L'ingénieur junior en informatique qualifie d'«épouvantable» ce problème de sécurité. «Quelqu'un pourrait même utiliser la plage de livraison pour se faire passer pour un livreur», souligne-t-il.

Peu de dommages

Vincent Gautrais, professeur de droit à l'Université de Montréal, n'est pas aussi catégorique.

«Sur le plan du droit, il n'y a aucun doute que ce sont des renseignements personnels, explique-t-il.
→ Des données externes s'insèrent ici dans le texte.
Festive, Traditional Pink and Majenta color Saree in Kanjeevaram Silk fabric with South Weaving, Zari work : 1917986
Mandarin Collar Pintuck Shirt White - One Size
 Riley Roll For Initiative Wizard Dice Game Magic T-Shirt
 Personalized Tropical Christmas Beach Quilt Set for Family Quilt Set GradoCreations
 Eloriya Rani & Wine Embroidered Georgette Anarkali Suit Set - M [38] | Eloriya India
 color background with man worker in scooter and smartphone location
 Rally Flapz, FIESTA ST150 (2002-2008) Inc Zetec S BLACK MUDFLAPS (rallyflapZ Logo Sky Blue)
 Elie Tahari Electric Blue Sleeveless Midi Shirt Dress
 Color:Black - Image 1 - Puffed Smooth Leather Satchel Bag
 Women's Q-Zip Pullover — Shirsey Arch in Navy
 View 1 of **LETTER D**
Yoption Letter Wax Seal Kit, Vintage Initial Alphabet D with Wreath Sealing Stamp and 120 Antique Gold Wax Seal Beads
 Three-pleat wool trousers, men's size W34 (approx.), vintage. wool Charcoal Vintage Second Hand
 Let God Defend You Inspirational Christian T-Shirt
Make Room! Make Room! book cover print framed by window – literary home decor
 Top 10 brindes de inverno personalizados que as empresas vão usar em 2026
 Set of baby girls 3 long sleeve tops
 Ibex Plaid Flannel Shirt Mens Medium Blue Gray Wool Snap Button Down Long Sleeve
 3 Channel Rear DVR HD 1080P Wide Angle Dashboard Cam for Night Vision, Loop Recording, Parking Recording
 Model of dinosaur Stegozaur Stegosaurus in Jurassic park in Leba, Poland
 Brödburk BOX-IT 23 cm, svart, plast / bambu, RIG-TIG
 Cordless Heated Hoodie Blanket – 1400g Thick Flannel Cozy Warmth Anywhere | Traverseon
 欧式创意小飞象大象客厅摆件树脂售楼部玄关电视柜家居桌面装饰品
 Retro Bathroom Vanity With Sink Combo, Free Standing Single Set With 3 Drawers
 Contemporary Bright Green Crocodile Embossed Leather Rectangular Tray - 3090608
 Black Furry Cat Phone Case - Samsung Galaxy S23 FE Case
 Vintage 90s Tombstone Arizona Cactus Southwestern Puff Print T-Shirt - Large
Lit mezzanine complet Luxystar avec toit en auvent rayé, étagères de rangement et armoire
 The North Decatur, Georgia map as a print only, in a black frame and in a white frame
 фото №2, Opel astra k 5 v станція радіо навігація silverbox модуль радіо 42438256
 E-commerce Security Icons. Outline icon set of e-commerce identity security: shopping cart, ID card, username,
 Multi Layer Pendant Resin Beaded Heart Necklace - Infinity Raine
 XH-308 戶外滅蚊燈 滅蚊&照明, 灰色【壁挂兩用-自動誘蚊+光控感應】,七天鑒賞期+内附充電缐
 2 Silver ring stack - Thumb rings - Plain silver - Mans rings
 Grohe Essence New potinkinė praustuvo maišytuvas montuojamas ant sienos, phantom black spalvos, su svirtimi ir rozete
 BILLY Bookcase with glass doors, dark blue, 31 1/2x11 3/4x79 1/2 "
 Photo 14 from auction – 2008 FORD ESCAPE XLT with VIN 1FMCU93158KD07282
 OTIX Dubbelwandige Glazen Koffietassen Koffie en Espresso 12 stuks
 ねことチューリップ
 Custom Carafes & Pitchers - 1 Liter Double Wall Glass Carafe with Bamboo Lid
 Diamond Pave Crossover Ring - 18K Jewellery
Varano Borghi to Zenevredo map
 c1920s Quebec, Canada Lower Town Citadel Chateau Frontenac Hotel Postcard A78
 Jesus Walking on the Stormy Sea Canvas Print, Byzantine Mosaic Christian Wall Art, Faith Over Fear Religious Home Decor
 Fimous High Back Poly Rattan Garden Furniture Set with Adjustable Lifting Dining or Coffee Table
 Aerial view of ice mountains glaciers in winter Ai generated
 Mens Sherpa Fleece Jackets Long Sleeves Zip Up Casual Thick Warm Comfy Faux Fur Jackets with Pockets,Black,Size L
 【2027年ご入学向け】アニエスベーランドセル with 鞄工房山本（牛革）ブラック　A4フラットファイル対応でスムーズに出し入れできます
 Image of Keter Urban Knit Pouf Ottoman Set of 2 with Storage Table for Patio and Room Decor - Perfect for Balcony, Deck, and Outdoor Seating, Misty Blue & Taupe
Sur le plan du danger que cela représente, ce n'est pas évident.»

Ce sont des informations personnelles pour la plupart déjà publiques, dit-il. «Mettez mon nom sur Google et vous allez les trouver.» Quant à la plage horaire de livraison, il convient qu'on pourrait «trouver des hypothèses» dans lesquelles elle serait dommageable.

«Moi, ça ne m'empêcherait pas de dormir», résume-t-il.

La porte-parole de la Commission sur l'accès à l'information du Québec, Isabelle St-Pierre, note pour sa part que Brault&Martineau reconnaît elle-même, dans la politique de confidentialité publiée sur son site, que le nom, l'adresse, le numéro de téléphone et l'adresse électronique de ses clients constituent des renseignements personnels.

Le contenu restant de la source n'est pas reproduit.